Set in 2009, it’s a mock documentary—think the “Blair Witch Exorcism”—about a daughter’s search to find out the truth about her mother. In 1989 Maria Rossi (Suzan Crowley), mother of Isabella (Fernanda Andrade) murdered three people during an exorcism. Twenty years later Isabella, documentary camera in tow, travels to Rome where her mother is being treated in an institution. There she hooks up with two rogue priests who perform unauthorized exorcisms. Their examination of Maria—to determine if she is mentally ill or is actually possessed—results in a devilish domino effect.
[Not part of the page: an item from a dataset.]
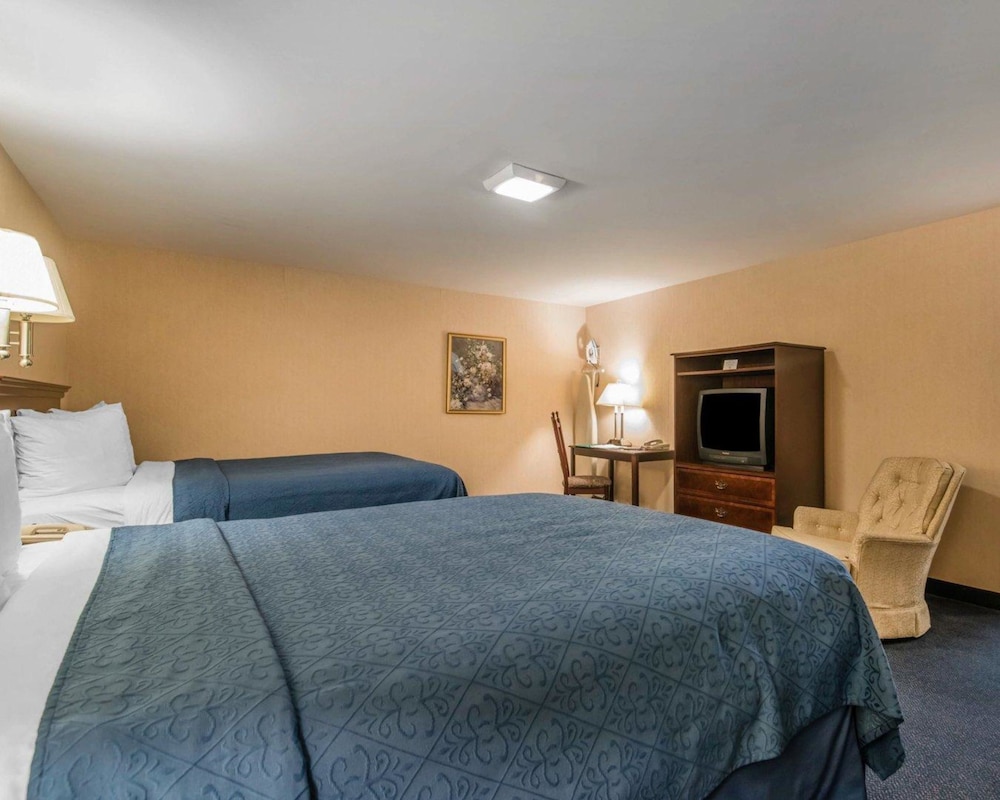 Align Inn Vermont (ex Quality Inn At Quechee Gorge) 19/40
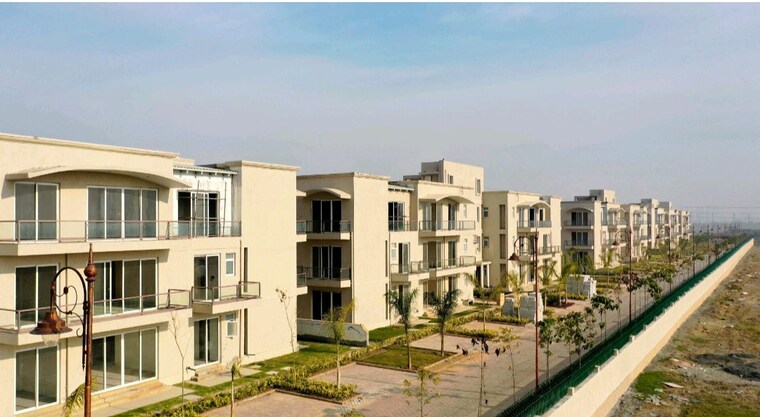 Exterior View, bptp-amstoria-plot  225 Sq.Yd. Plot In Sector 102 Gurgaon 9242701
“The Devil Inside” is an exceedingly silly movie. The naturalism that makes other “found footage” movies like “Paranormal Activity” so effective is missing, replaced with stilted acting, clunky dialogue—When good old mom tells Isabella that her actions are “against God’s will,” Isabella pronounces, “That means something, right?”—and WAY too much pointless exposition. Is it really necessary to explain that the possession of one body by several demons is known in the profession as—wait for it!— “multiple demonic possession”?
Worse, there’s more talk of exorcism than actual exorcisms. They prattle on and on about the particulars of possession, but when they actually do one it is with all the out-of-focus, wobbly camera anti-panache these “found footage” films are known for.
There’s no pea soup, no head spinning, just some contorting and hard to see special effects. Even the battle between good and evil—the thing that made “The Exorcist” the benchmark of devil possession movies—doesn’t register. If you don’t care about the characters you certainly won’t care about whatever may be living inside them.
In its slight 80 minute running time—just about the best thing I can say about this movie is, ‘Hey, at least it wasn’t longer!—“The Devil Inside” has one or two fleeting moments that will raise the hair on the back of your hand. The rest of the time you’ll be resting your head against the back of your hand trying not to fall asleep.